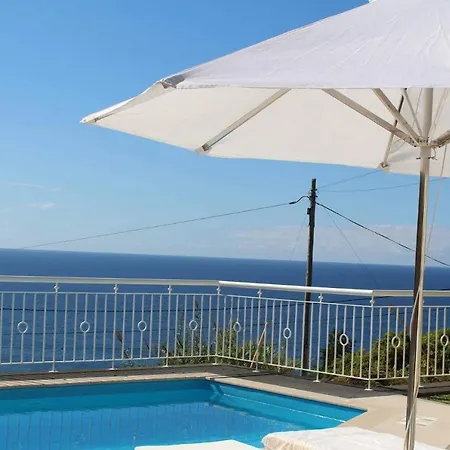 Vila Quinze - Luxurious 3 Bedroom With Private Pool And Games & Amazing Views *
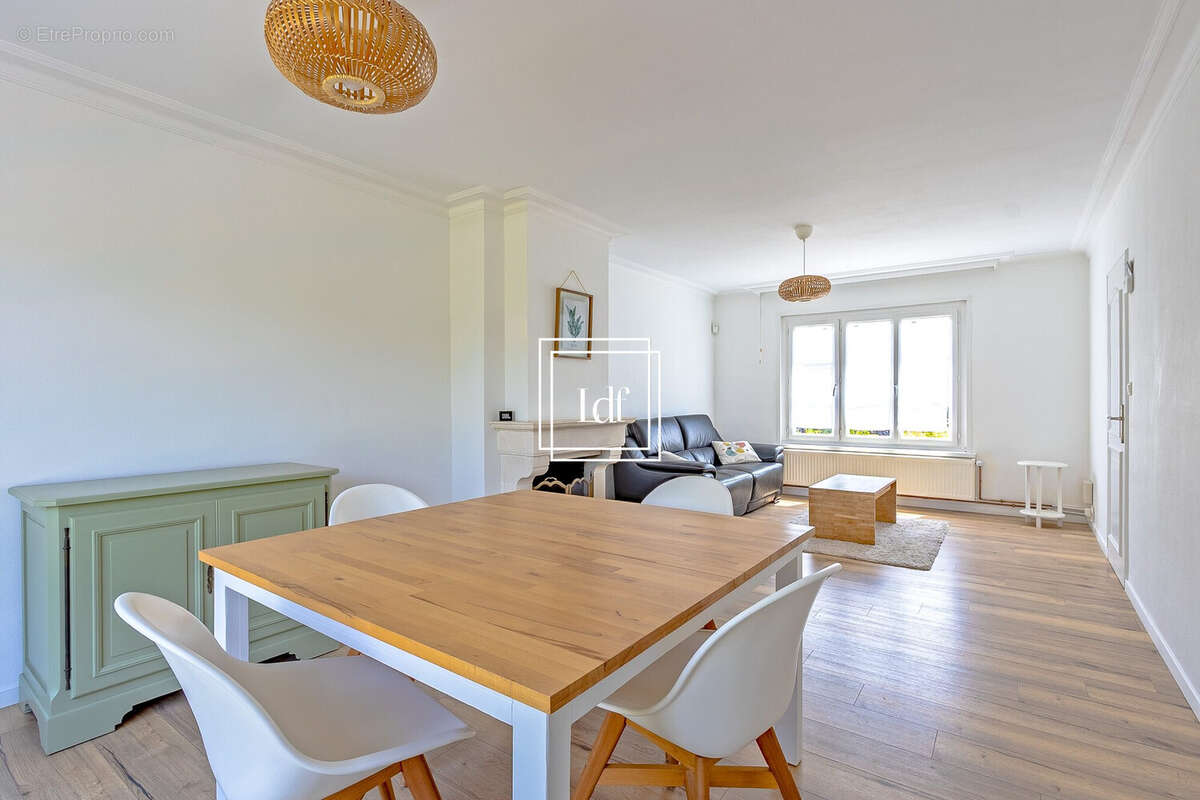 Maison 98 m² à Faches-Thumesnil  - photo 4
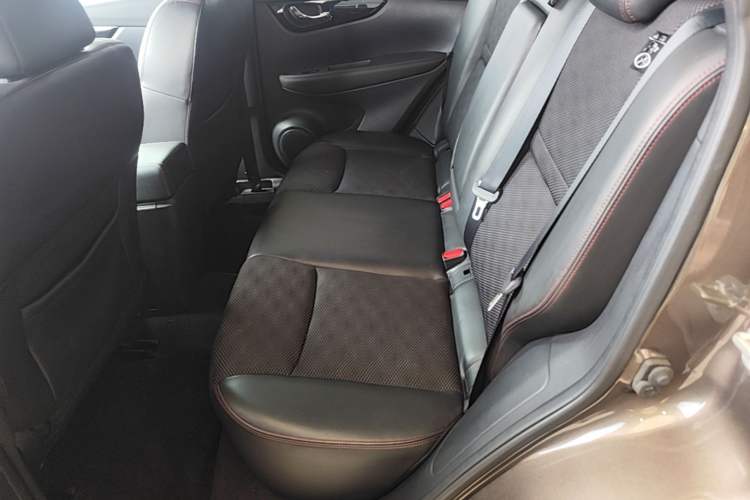 Used Nissan Qashqai 2017 2.0L CVT Smart Enjoyment Version China V Standard Left Rear Seat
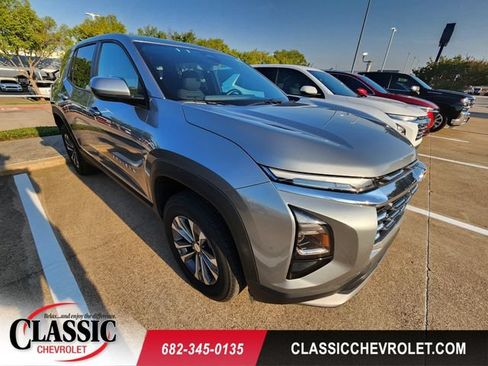 Used 2026 Chevrolet Equinox LT FWD image 1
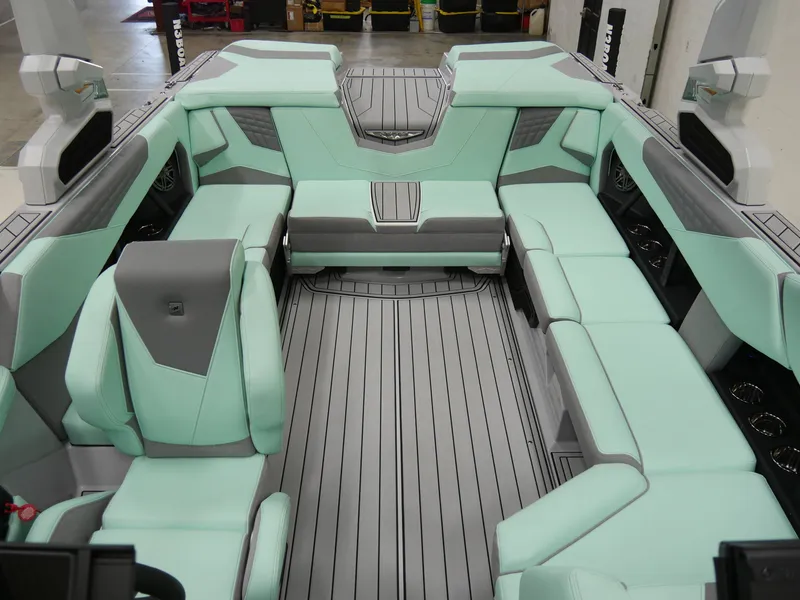 Slide: The Image of Nautique Super Air Nautique S23 2026 - 18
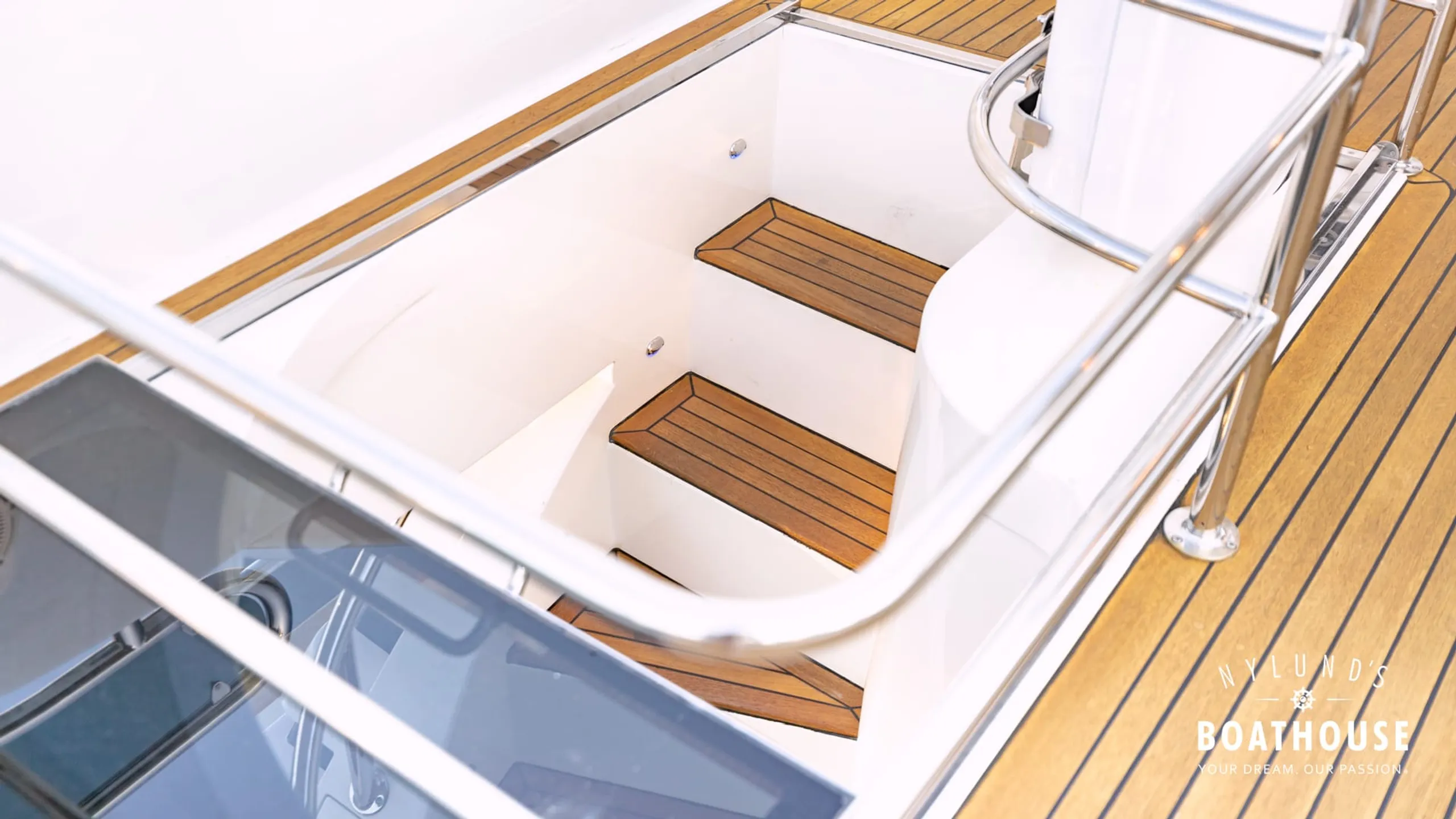 Elegance 68 - Image 43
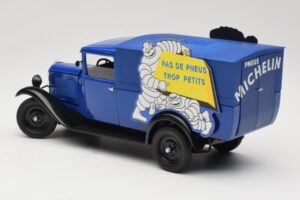 Citroen C4 F Pas de Pneus Trop Petit Azul Solido 1:18 151235-00 Metal - imagem 7 de 8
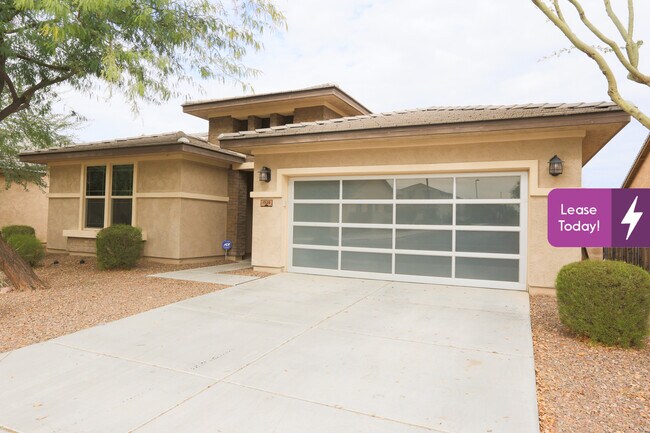 Building Photo - 1528 E Kingbird Dr
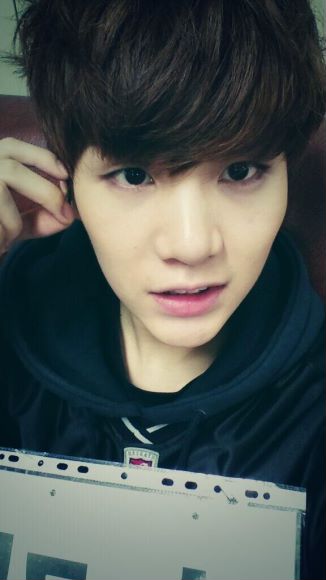 闵玧其早期自拍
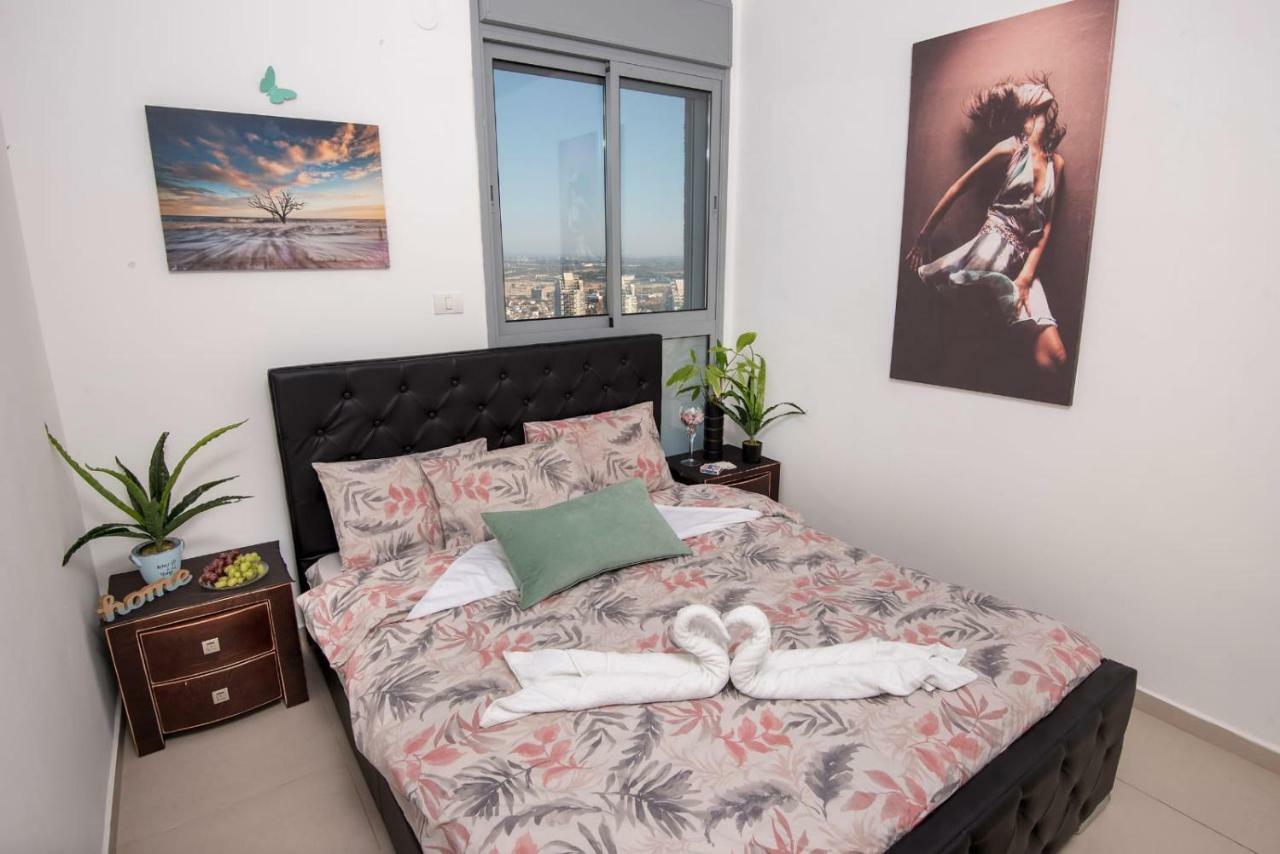 35Th Floor 4 Rooms On The Sea Bat Yam Eksteriør bilde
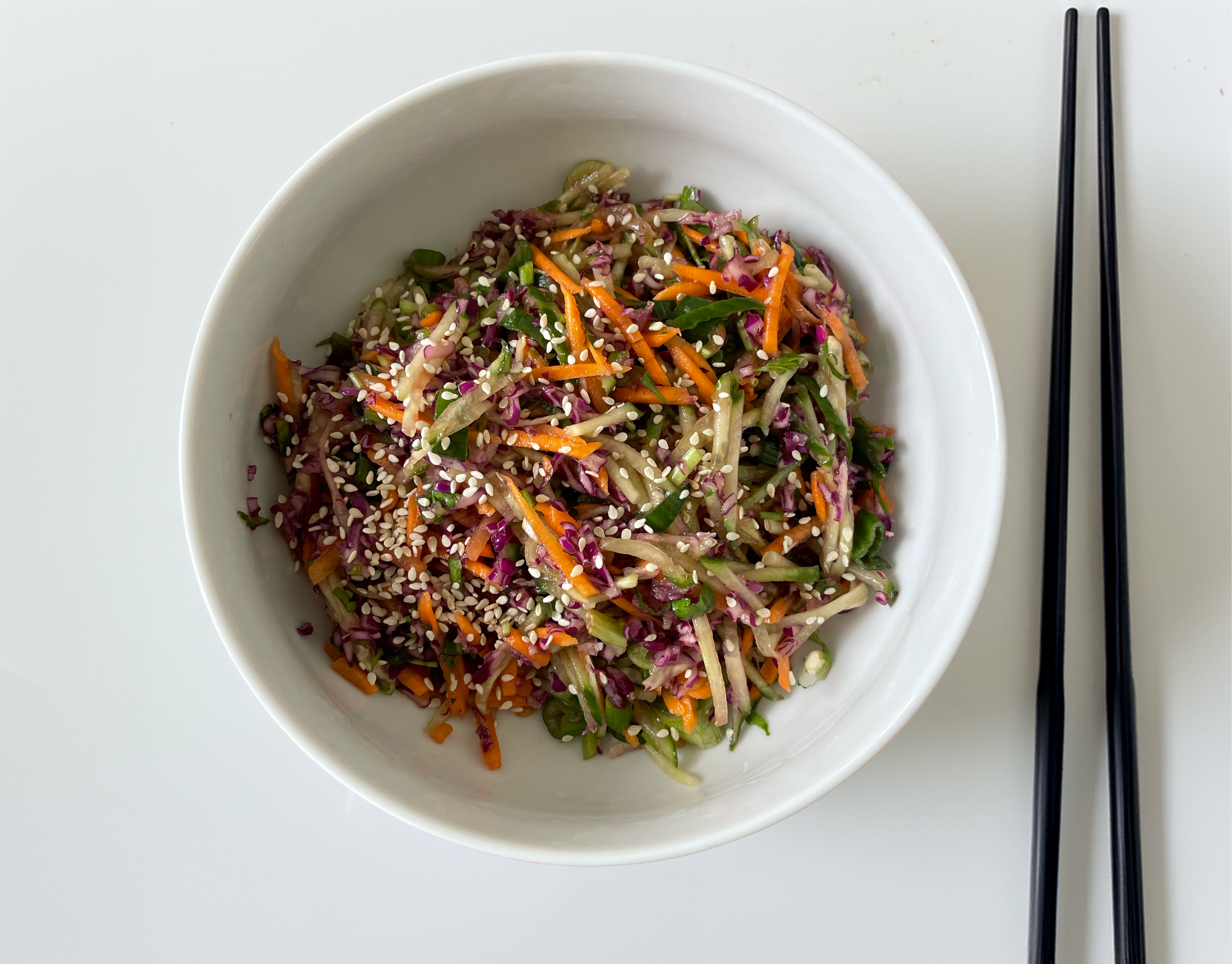 Co vznikne, když se na asijské ulici poperou okurka s mrkví a sojovkou? 🥒🥊🥕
┄┄┄┄┄┄
Down to the last line, reproduce the material above exactly; skip its images.

 Vila Quinze - Luxurious 3 Bedroom With Private Pool And Games & Amazing Views *
 Maison 98 m² à Faches-Thumesnil  - photo 4
 Used Nissan Qashqai 2017 2.0L CVT Smart Enjoyment Version China V Standard Left Rear Seat
 Used 2026 Chevrolet Equinox LT FWD image 1
 Slide: The Image of Nautique Super Air Nautique S23 2026 - 18
 Elegance 68 - Image 43
 Citroen C4 F Pas de Pneus Trop Petit Azul Solido 1:18 151235-00 Metal - imagem 7 de 8
 Building Photo - 1528 E Kingbird Dr
 闵玧其早期自拍
 35Th Floor 4 Rooms On The Sea Bat Yam Eksteriør bilde
 Co vznikne, když se na asijské ulici poperou okurka s mrkví a sojovkou? 🥒🥊🥕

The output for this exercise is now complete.